> GIVEN RECORDS
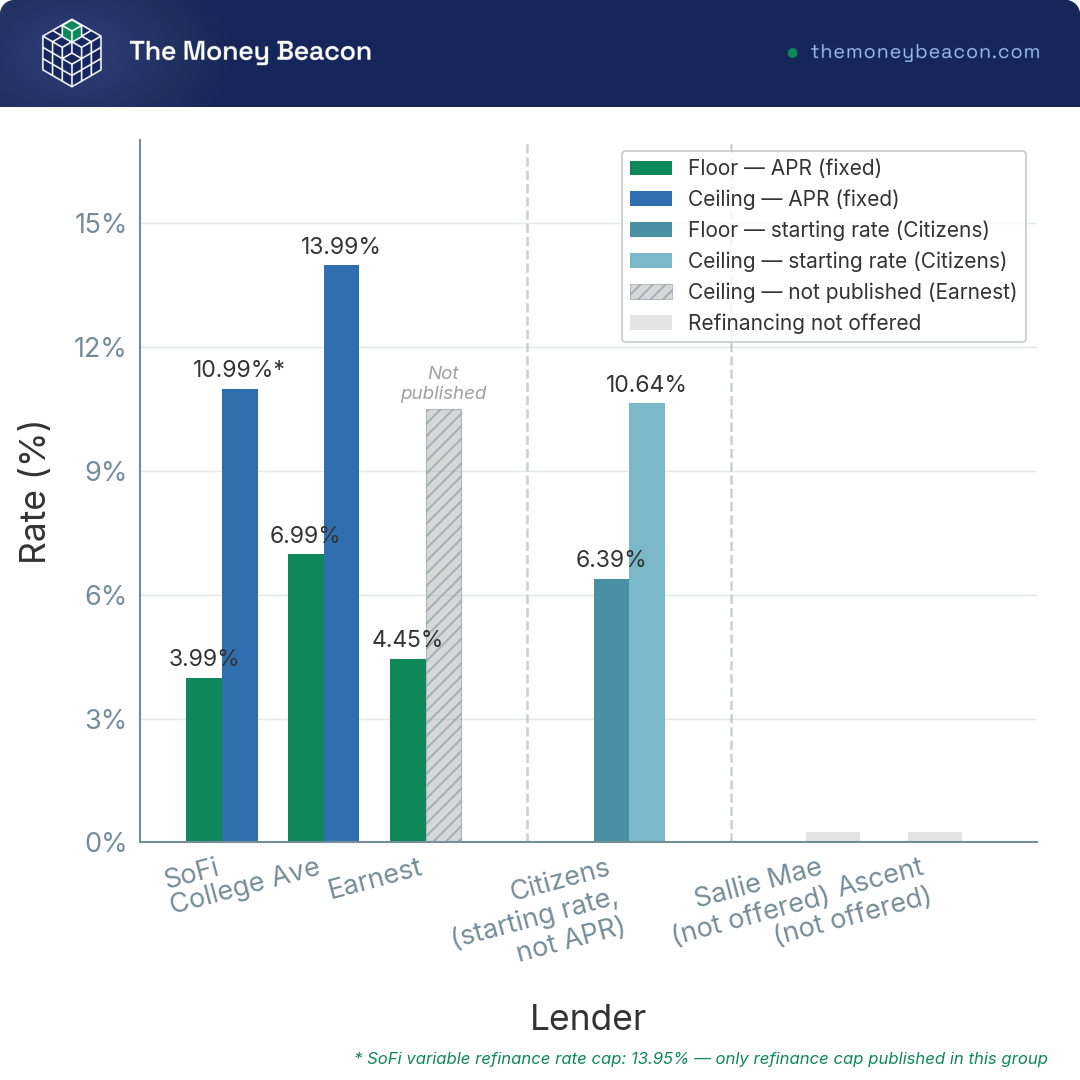 Vertical bar chart of student loan refinance rate ranges at four lenders, plus two gray markers for the two lenders that do not refinance.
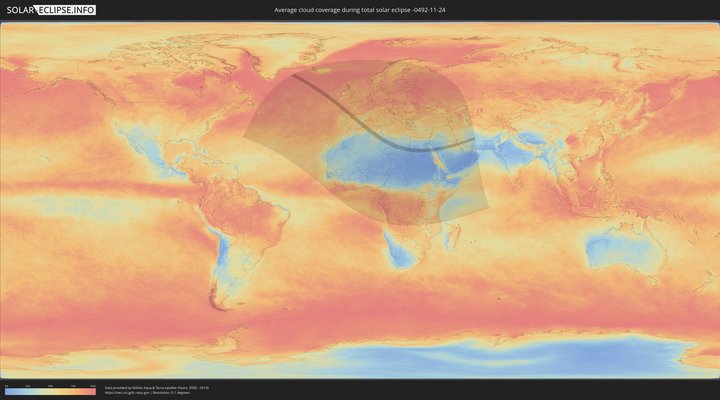 cloudmap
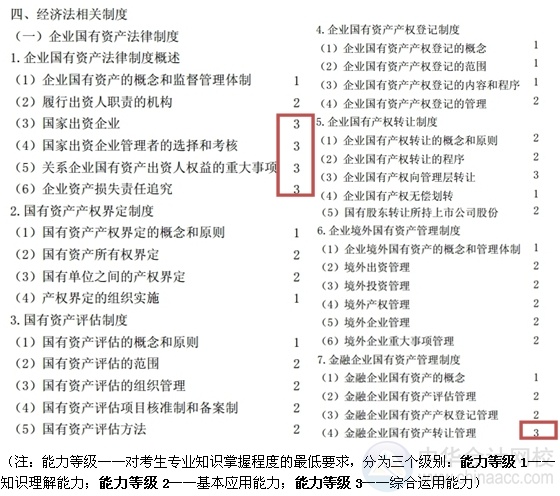 2015注會(huì)“借題發(fā)揮”經(jīng)濟(jì)法匯總：第十章企業(yè)國(guó)有資產(chǎn)法律制度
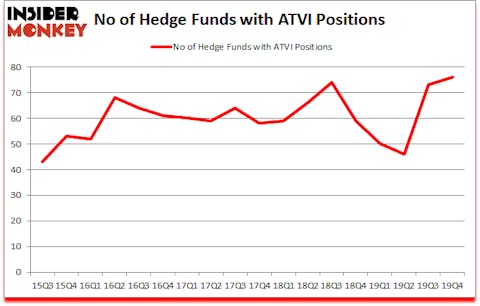 Is ATVI A Good Stock To Buy?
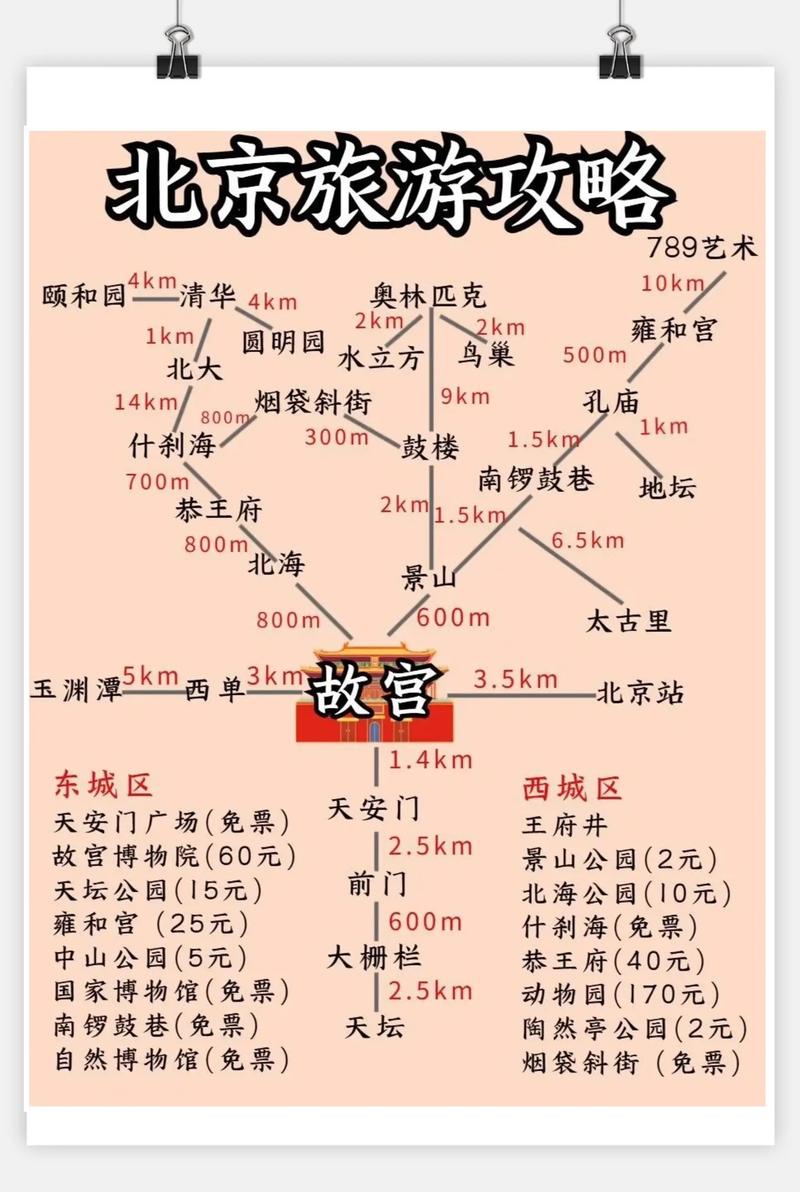 大庆天气预报十五天,15日大庆天气预报-第5张图片-文史 大庆天气预报十五天,15日大庆天气预报-第5张图片-文史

> TASK DETAILS
Retype each entry precisely. Skip images entirely.

> RESPONSE
 Vertical bar chart of student loan refinance rate ranges at four lenders, plus two gray markers for the two lenders that do not refinance.
 cloudmap
 2015注會(huì)“借題發(fā)揮”經(jīng)濟(jì)法匯總：第十章企業(yè)國(guó)有資產(chǎn)法律制度
 Is ATVI A Good Stock To Buy?
 大庆天气预报十五天,15日大庆天气预报-第5张图片-文史 大庆天气预报十五天,15日大庆天气预报-第5张图片-文史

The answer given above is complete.